◆ TASK DIRECTIONS ◆
Although the records contain pictures, print none of them; print exactly the lines from the one with "View product image 2" through the last line.

Crawled caption data

* * * * * * * * *

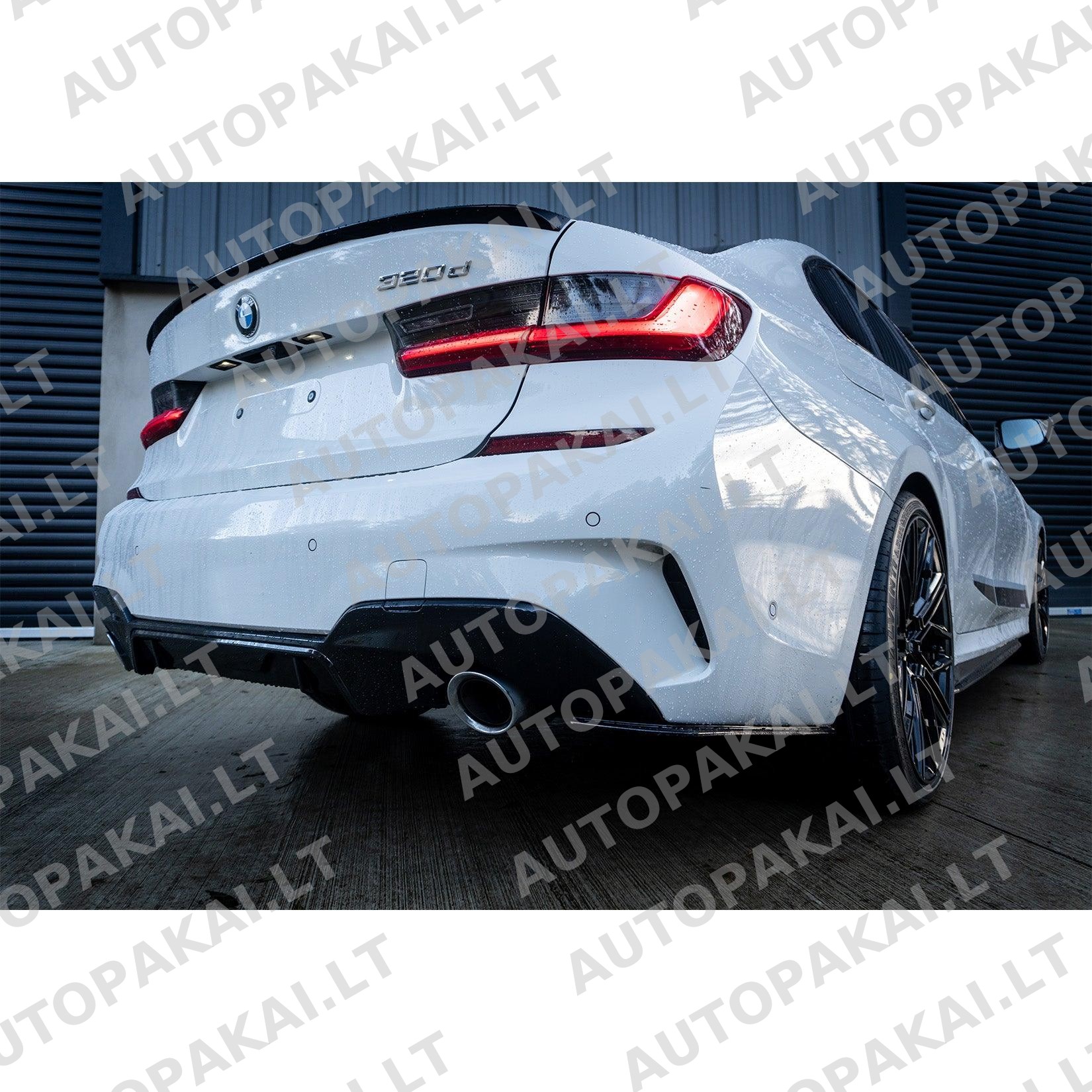 BPABM0012-3 BPABM0012-3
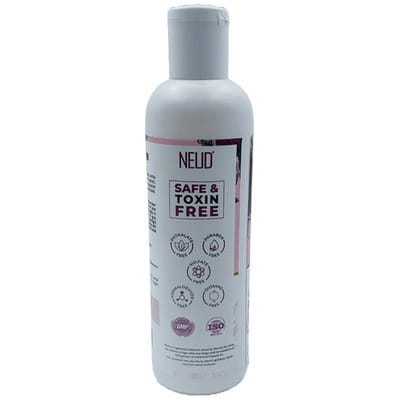 View product image 2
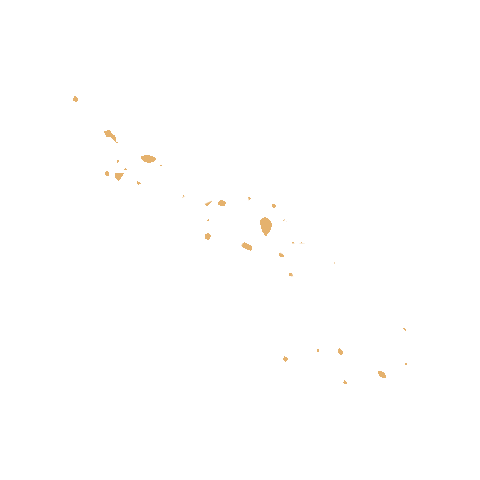 Motivation Push Sticker by SHEFIT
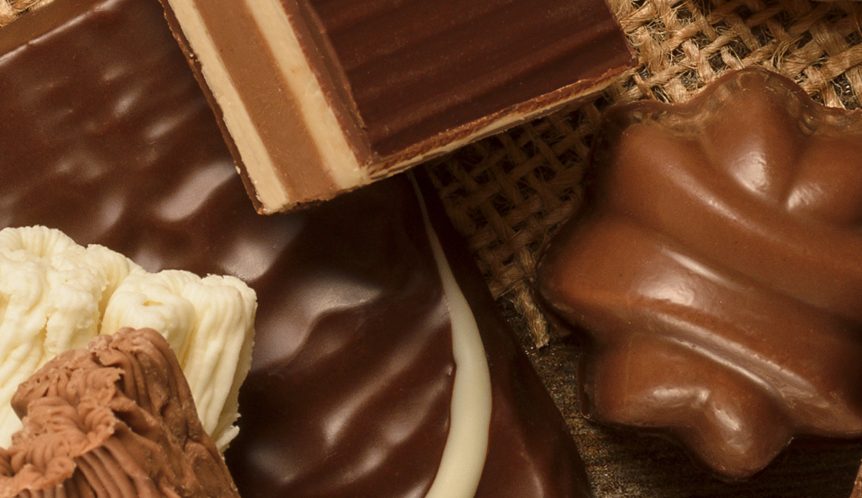 Lee más sobre el artículo Cuál es el ingrediente secreto del chocolate que lo hace ser tan rico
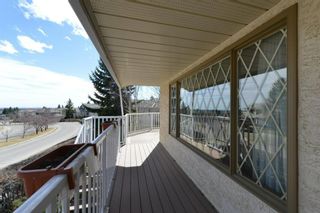 Photo 4: 5 Sienna Hills Court SW in Calgary: Signal Hill Detached for sale : MLS®# A1202120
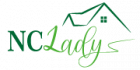 NCLADY logo-02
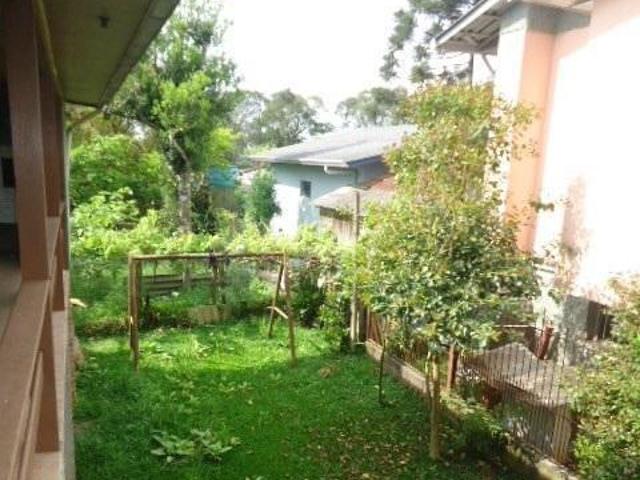 Casa venda em Região Geográfica Imediata de Caxias do Sul, Caxias do Sul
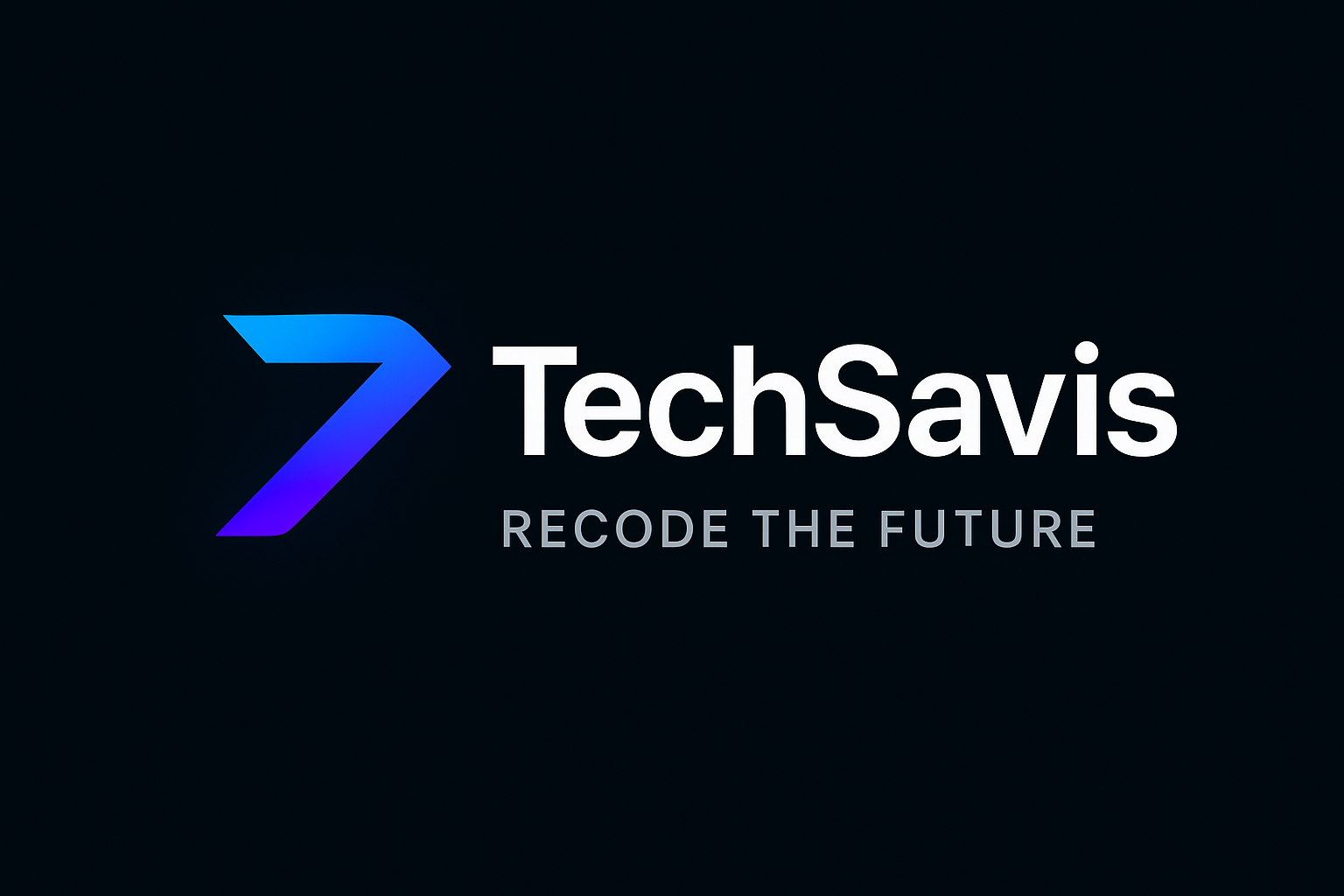 TechSavis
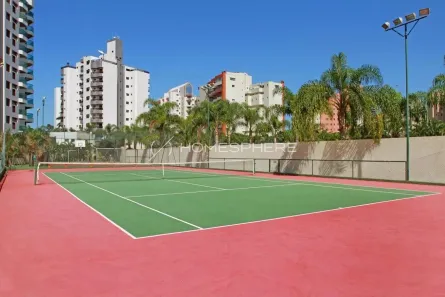 Apartamento com 2 Quartos à venda, 98m² no Riviera, Bertioga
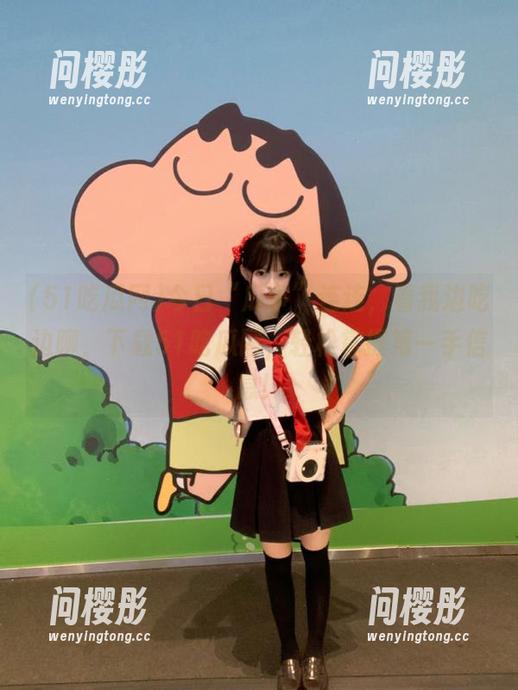 今日“瓜事”连连，看我边吃边聊，下载51吃瓜网，轻松掌握第一手信息！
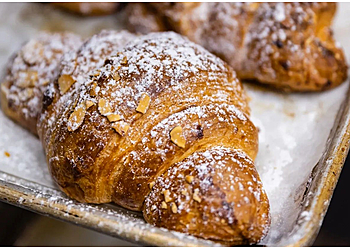 Chef Flemming's Bakeshop Henderson Bakeries image 1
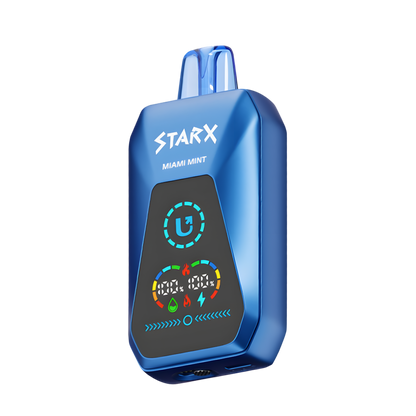 STARX S20000 Disposable Vape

* * * * * * * * *

◆ RESPONSE TO THIS TASK ◆
 View product image 2
 Motivation Push Sticker by SHEFIT
 Lee más sobre el artículo Cuál es el ingrediente secreto del chocolate que lo hace ser tan rico
 Photo 4: 5 Sienna Hills Court SW in Calgary: Signal Hill Detached for sale : MLS®# A1202120
 NCLADY logo-02
 Casa venda em Região Geográfica Imediata de Caxias do Sul, Caxias do Sul
 TechSavis
 Apartamento com 2 Quartos à venda, 98m² no Riviera, Bertioga
 今日“瓜事”连连，看我边吃边聊，下载51吃瓜网，轻松掌握第一手信息！
 Chef Flemming's Bakeshop Henderson Bakeries image 1
 STARX S20000 Disposable Vape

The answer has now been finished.